In the first quarter 2021, large undertakings completed around 10 templates while on average five were submitted by smaller ones. Furthermore, regarding annual reporting the ten largest undertakings by total assets completed on average almost 37 templates, while the ten smallest undertakings completed only 28 templates.

The results show that proportionality is implemented in the reporting and reflects the nature, scale and complexity of the risks inherent to the business. The average number of templates submitted by small, medium-sized or large insurance undertakings varies substantially, which reflects that the proportionality embedded in the design of reporting requirements delivers a good result.

download report

Background

The report is based on the Solvency II annual and quarterly quantitative reporting templates with reference during 2020 and the first quarter of 2021, as submitted to EIOPA by solo undertakings or insurance groups from the European Economic Area.

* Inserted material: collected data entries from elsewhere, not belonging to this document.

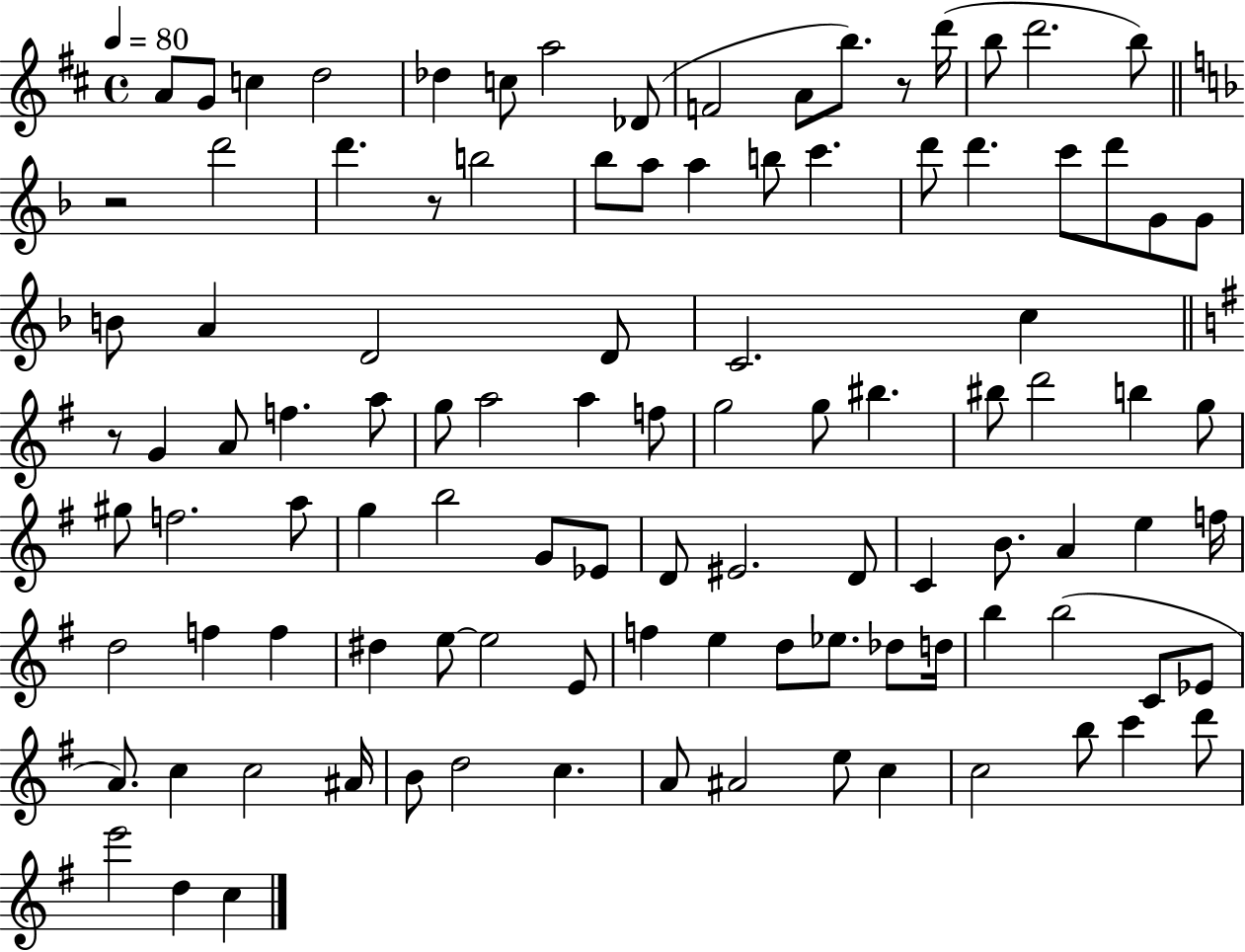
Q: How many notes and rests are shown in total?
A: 104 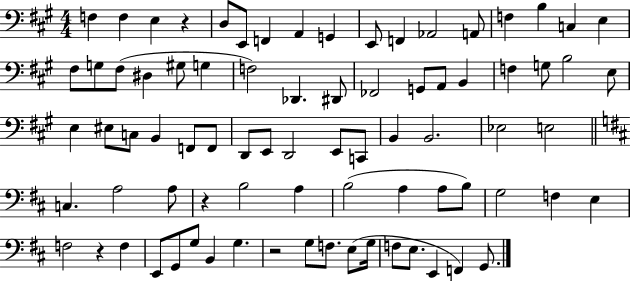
X:1
T:Untitled
M:4/4
L:1/4
K:A
F, F, E, z D,/2 E,,/2 F,, A,, G,, E,,/2 F,, _A,,2 A,,/2 F, B, C, E, ^F,/2 G,/2 ^F,/2 ^D, ^G,/2 G, F,2 _D,, ^D,,/2 _F,,2 G,,/2 A,,/2 B,, F, G,/2 B,2 E,/2 E, ^E,/2 C,/2 B,, F,,/2 F,,/2 D,,/2 E,,/2 D,,2 E,,/2 C,,/2 B,, B,,2 _E,2 E,2 C, A,2 A,/2 z B,2 A, B,2 A, A,/2 B,/2 G,2 F, E, F,2 z F, E,,/2 G,,/2 G,/2 B,, G, z2 G,/2 F,/2 E,/2 G,/4 F,/2 E,/2 E,, F,, G,,/2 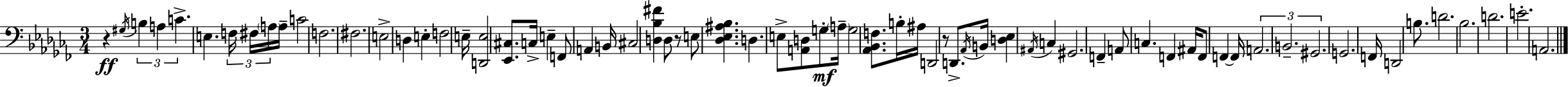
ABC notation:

X:1
T:Untitled
M:3/4
L:1/4
K:Abm
z ^G,/4 B, A, C E, F,/4 ^F,/4 A,/4 A,/4 C2 F,2 ^F,2 E,2 D, E, F,2 E,/4 [D,,E,]2 [_E,,^C,]/2 C,/4 E, F,,/2 A,, B,,/4 ^C,2 [D,_B,^F] D,/2 z/2 E,/2 [_D,_E,^A,_B,] D, E,/2 [A,,D,]/2 G,/2 A,/4 G,2 [_A,,_B,,F,]/2 B,/4 ^A,/4 D,,2 z/2 D,,/2 _A,,/4 B,,/4 [D,_E,] ^A,,/4 C, ^G,,2 F,, A,,/2 C, F,, ^A,,/4 F,,/2 F,, F,,/4 A,,2 B,,2 ^G,,2 G,,2 F,,/4 D,,2 B,/2 D2 _B,2 D2 E2 A,,2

The limitation to regular supervisory reporting can be granted only to undertakings that don’t represent more than 20% of a Member State's life, non-life insurance and reinsurance market respectively. Supervisory authorities shall give priority to the smallest undertakings when determining the eligibility of the undertakings for those limitations. For solo undertakings limitations can be authorised to submit quarterly reporting information of reduced scope, where this information is reported at least annually; while  undertakings may be exempted from both quarterly and annual reporting in case of reporting templates on an item-by-item basis.